- Problem to work on:
Exact copies of all the entries are required, and no pictures should appear in them.

- Data in this exercise:
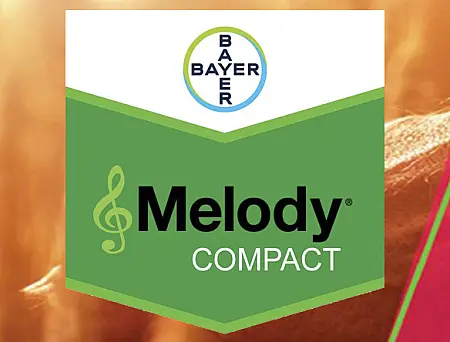 alt_Melody Compact 49 WG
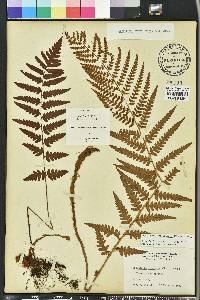 Dryopteris ludoviciana image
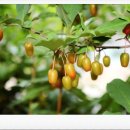 보리수 산장 이미지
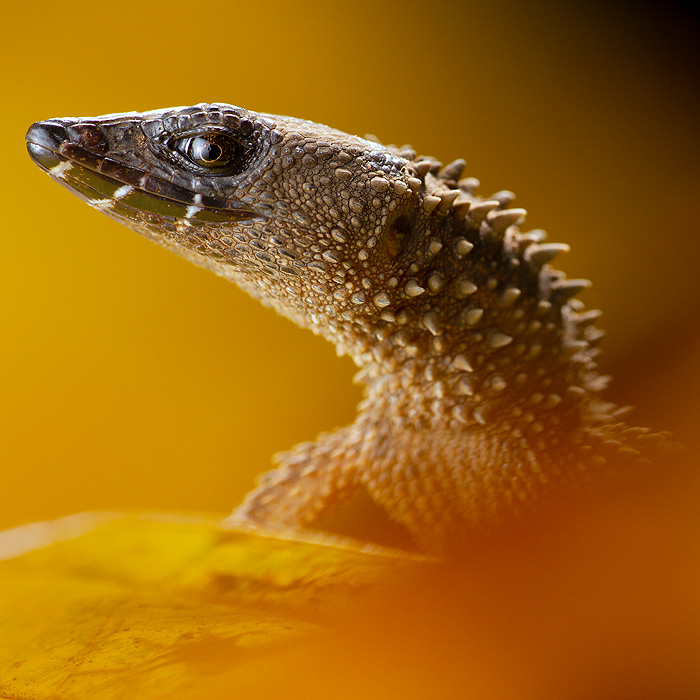 Image of a Spiny Hedgehog-Lizard (Echinosaura horrida)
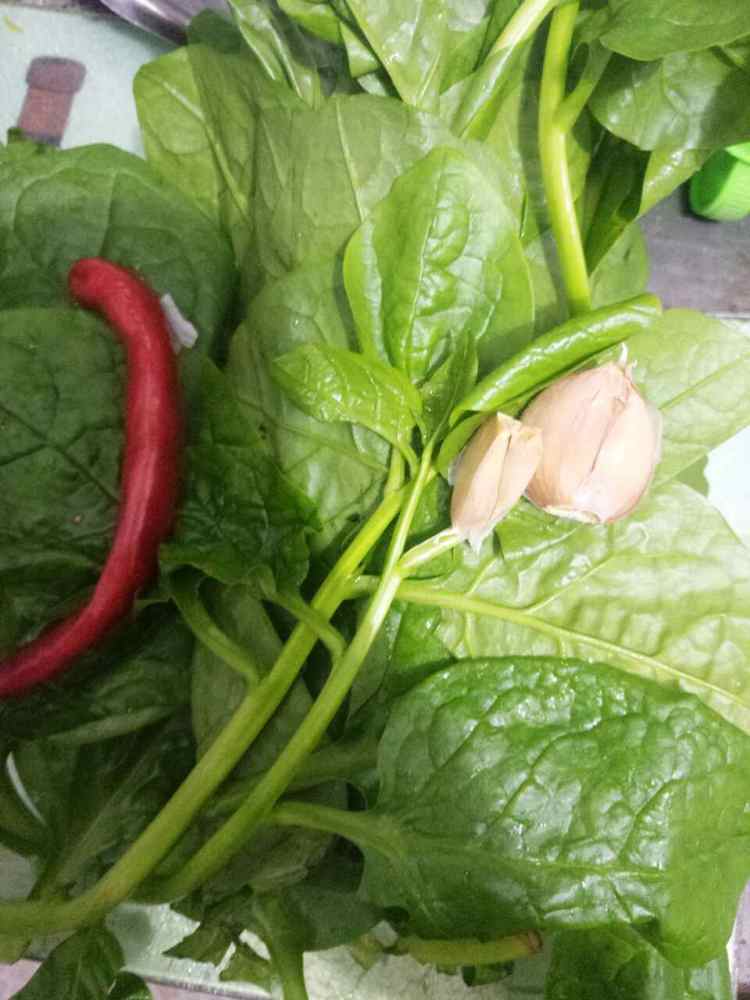 蚝油蒜末木耳菜步骤1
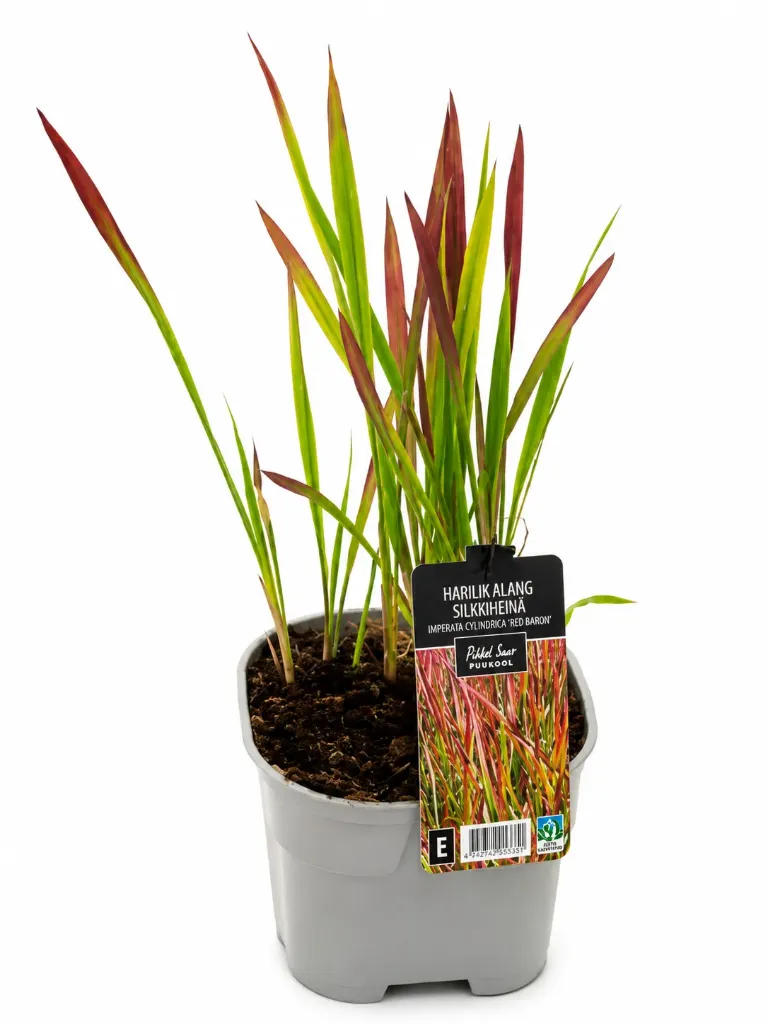 Silkkiheinä 'Red Baron' – Imperata cylindrica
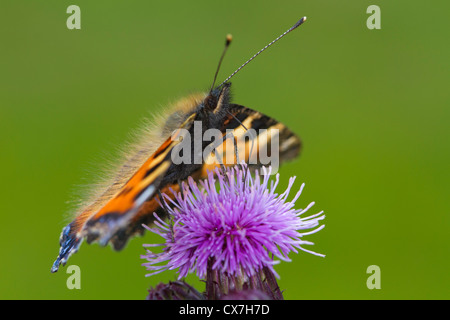 Kleiner Fuchs (Aglais Urticae) Schmetterling Fütterung auf eine Distel Blume Stockfoto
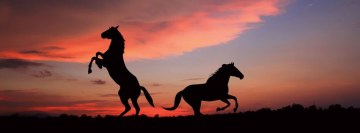 Horses in The Dusk Facebook Cover Photo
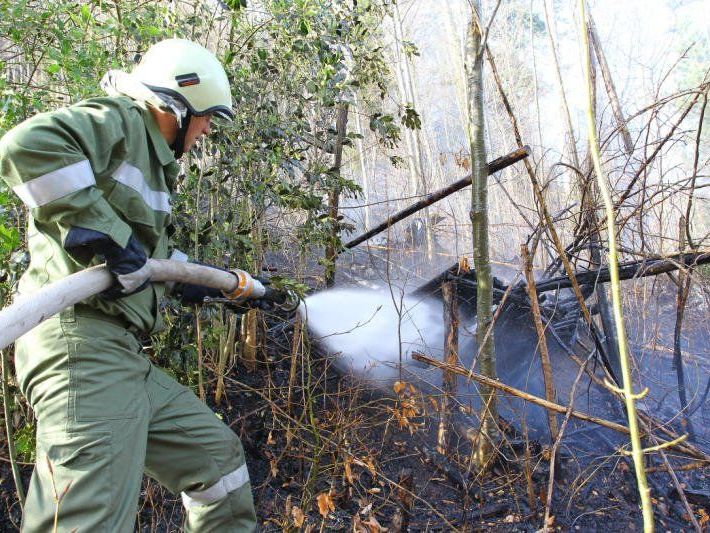 Unterholz fing aus ungeklärter Ursache Feuer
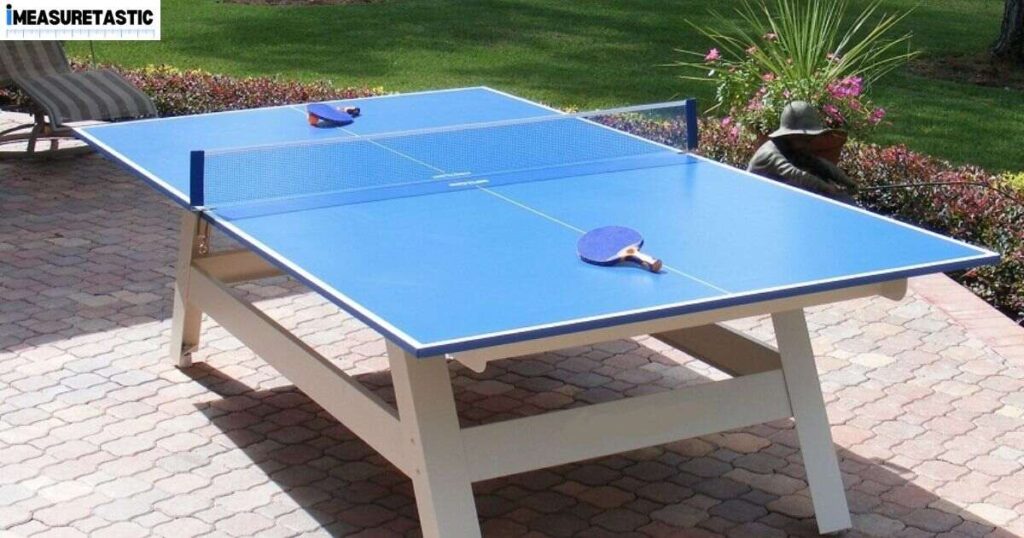 15 Things and Animals That Are 10 Feet Long Ping Pong Table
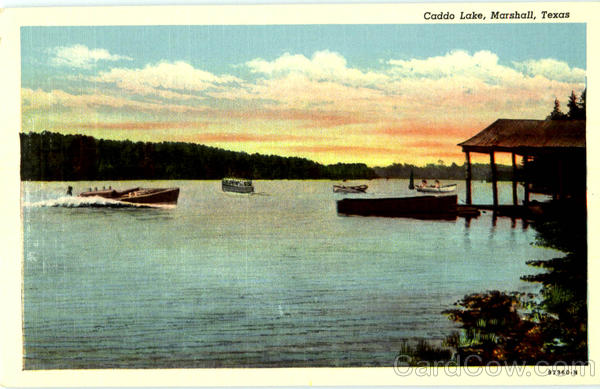 Caddo Lake Marshall Texas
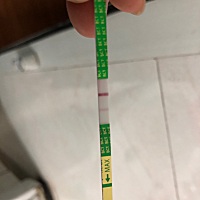 朋友们，刚刚测得~这是怀孕了吗？😱😱😱 21号排的卵，大姨妈还没来，刚刚测得，有点激动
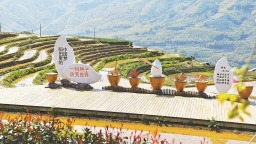 南平念山村梯田美不胜收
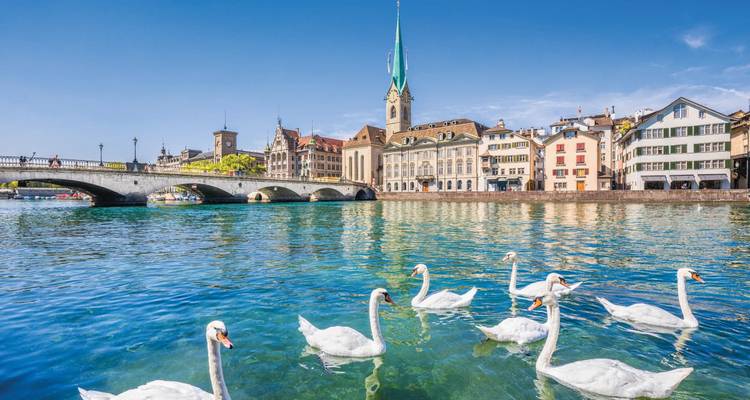 Graceful swans glide on the turquoise Limmat River with Zurich’s historic skyline and Fraumünster spire behind.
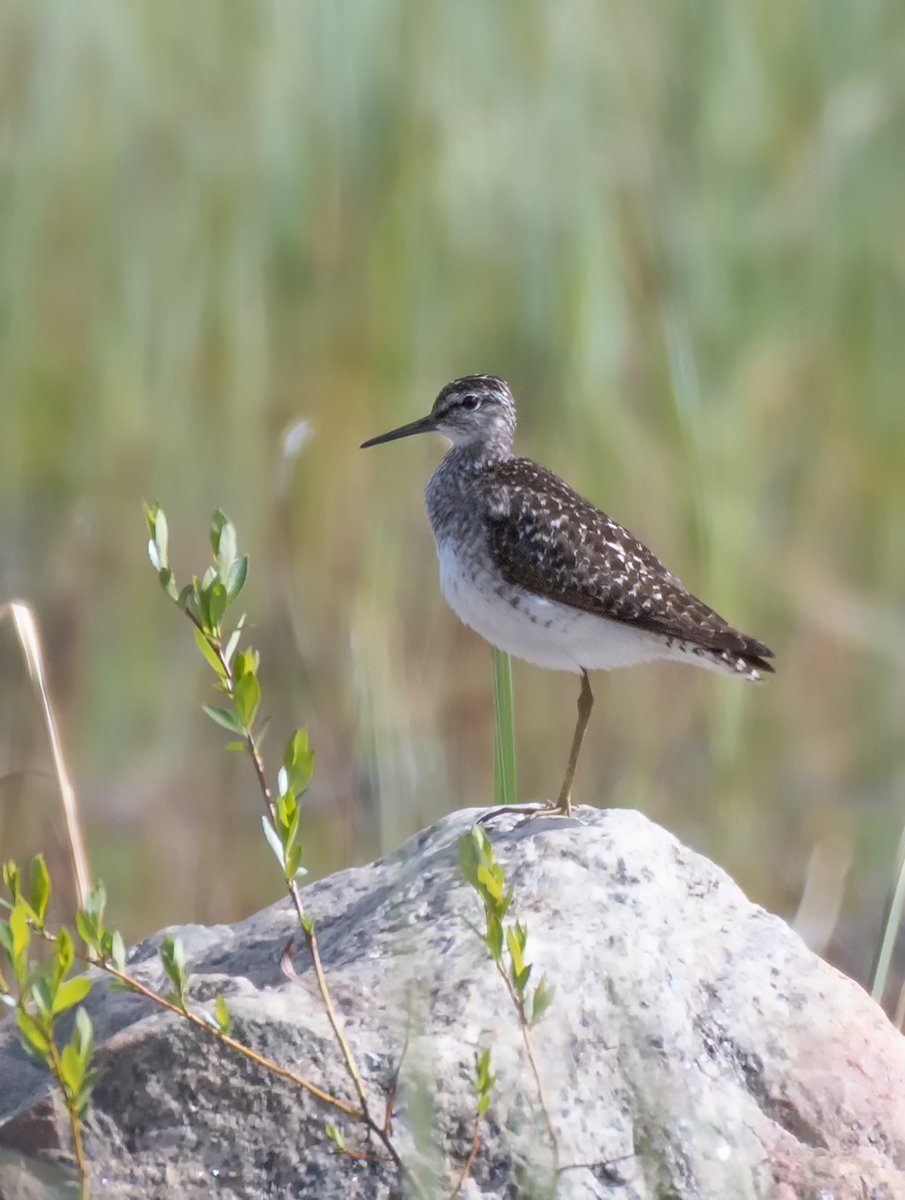 Птицы Кольского полуострова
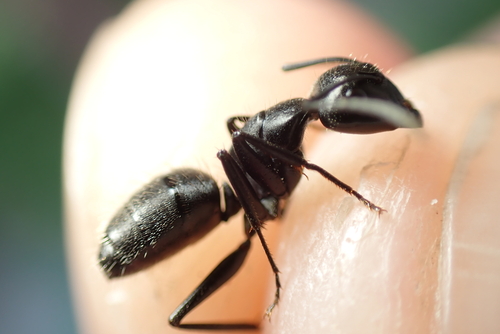 Hairy Carpenter Ant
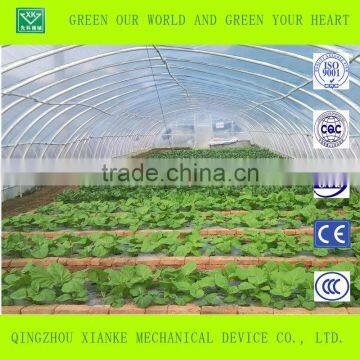 Multi-Span Commercial Fiberglass Greenhouses photo-3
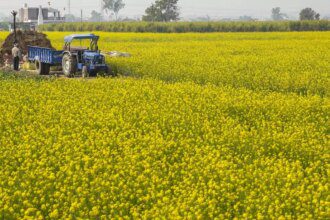 SEA projects mustard production at 115.16 lakh tonnes, lower than govt estimate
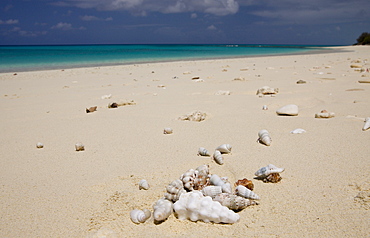 Hermit Crabs at Bikini Beach, Marshall Islands, Bikini Atoll, Micronesia, Pacific Ocean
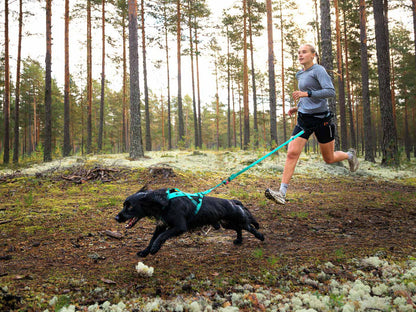 Non-Stop Dogwear Bungee Leash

- Written solution:
 alt_Melody Compact 49 WG
 Dryopteris ludoviciana image
 보리수 산장 이미지
 Image of a Spiny Hedgehog-Lizard (Echinosaura horrida)
 蚝油蒜末木耳菜步骤1
 Silkkiheinä 'Red Baron' – Imperata cylindrica
 Kleiner Fuchs (Aglais Urticae) Schmetterling Fütterung auf eine Distel Blume Stockfoto
 Horses in The Dusk Facebook Cover Photo
 Unterholz fing aus ungeklärter Ursache Feuer
 15 Things and Animals That Are 10 Feet Long Ping Pong Table
 Caddo Lake Marshall Texas
 朋友们，刚刚测得~这是怀孕了吗？😱😱😱 21号排的卵，大姨妈还没来，刚刚测得，有点激动
 南平念山村梯田美不胜收
 Graceful swans glide on the turquoise Limmat River with Zurich’s historic skyline and Fraumünster spire behind.
 Птицы Кольского полуострова
 Hairy Carpenter Ant
 Multi-Span Commercial Fiberglass Greenhouses photo-3
 SEA projects mustard production at 115.16 lakh tonnes, lower than govt estimate
 Hermit Crabs at Bikini Beach, Marshall Islands, Bikini Atoll, Micronesia, Pacific Ocean
 Non-Stop Dogwear Bungee Leash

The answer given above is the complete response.